Liew Zheng Jie, Elkhaiary Ziad, Lapkin Alexei A
Department of Chemical Engineering and Biotechnology, University of Cambridge, Cambridge, CB3 0AS UK.
Yusuf Hamied Department of Chemistry, Innovation Centre in Digital Molecular Technologies, University of Cambridge, Cambridge, CB2 1EW UK.
NPJ Comput Mater. 2025;11(1):161. doi: 10.1038/s41524-025-01658-7. Epub 2025 May 31.

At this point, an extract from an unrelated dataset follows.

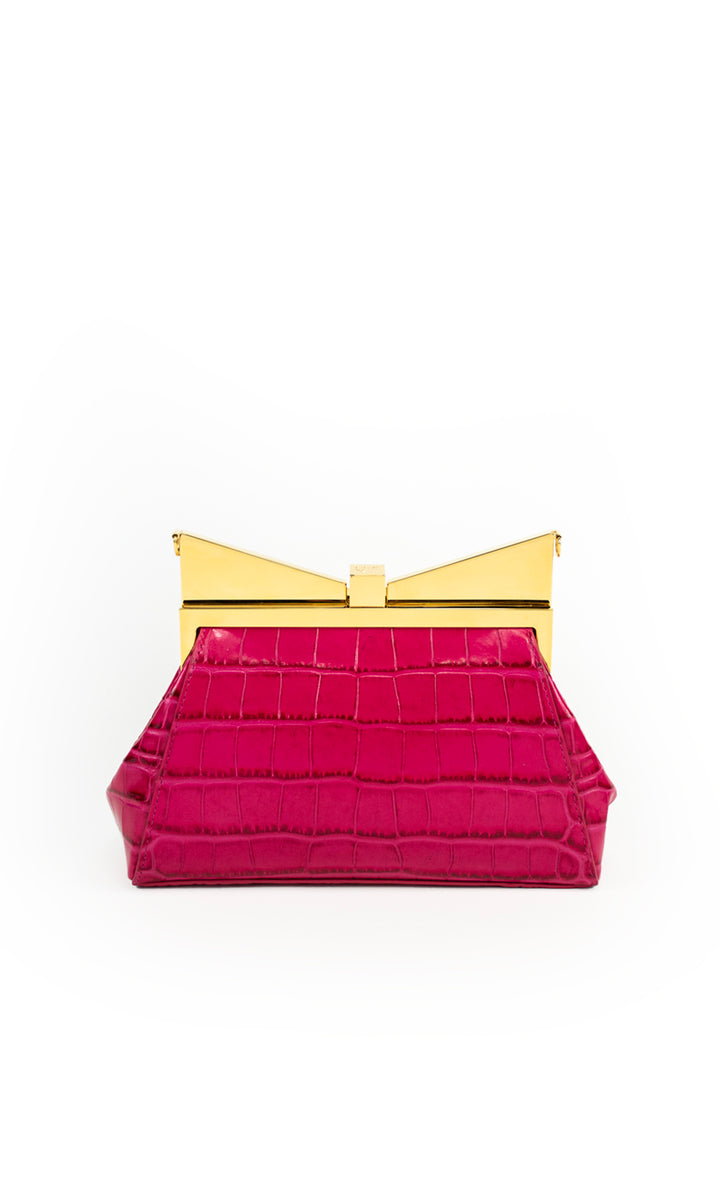 Sara Battaglia Lady Me Clutch Acquista Ora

Polymer-solvent systems exhibit complex solvation behaviours encompassing a diverse range of phenomena, including swelling, gelation, and dispersion. Accurate interpretation is often hindered by subjectivity, particularly in manual rapid screening assessments. While computer vision models hold significant promise to replace the reliance on human evaluation for inference, their adoption is limited by the lack of domain-specific datasets tailored, in our case, to polymer-solvent systems. To bridge this gap, we conducted extensive screenings of polymers with diverse physical and chemical properties across various solvents, capturing solvation characteristics through images, videos, and image-text captions. This dataset informed the development of a multi-model vision assistant, integrating computer vision and vision-language approaches to autonomously detect, infer, and contextualise polymer-solvent interactions. The system combines a 2D-CNN module for static solvation state classification, a hybrid 2D/3D-CNN module to capture temporal dynamics, and a BLIP-2-based contextualisation module to generate descriptive captions for solvation behaviours, including vial orientation, solvent discolouration, and polymer interaction states. Computationally efficient, this vision assistant provides an accurate, objective, and scalable solution in interpreting solvation behaviours, fit for autonomous platforms and high-throughput workflows in material discovery and analysis.
聚合物 - 溶剂体系表现出复杂的溶剂化行为,涵盖多种现象,包括溶胀、凝胶化和分散。准确的解释常常受到主观性的阻碍,尤其是在手动快速筛选评估中。虽然计算机视觉模型有望取代对人工评估的依赖进行推断,但其应用受到缺乏特定领域数据集的限制,就我们的情况而言,即缺乏针对聚合物 - 溶剂体系量身定制的数据集。为了弥补这一差距,我们对具有不同物理和化学性质的聚合物在各种溶剂中进行了广泛筛选,通过图像、视频和图像 - 文本字幕捕捉溶剂化特征。该数据集为多模型视觉助手的开发提供了依据,该助手整合了计算机视觉和视觉语言方法,以自动检测、推断和情境化聚合物 - 溶剂相互作用。该系统结合了用于静态溶剂化状态分类的二维卷积神经网络(2D - CNN)模块、用于捕捉时间动态的混合二维/三维卷积神经网络(2D/3D - CNN)模块以及基于BLIP - 2的情境化模块,以生成关于溶剂化行为的描述性字幕,包括小瓶方向、溶剂变色和聚合物相互作用状态。这种视觉助手计算效率高,在解释溶剂化行为方面提供了一种准确、客观且可扩展的解决方案,适用于材料发现和分析中的自主平台和高通量工作流程。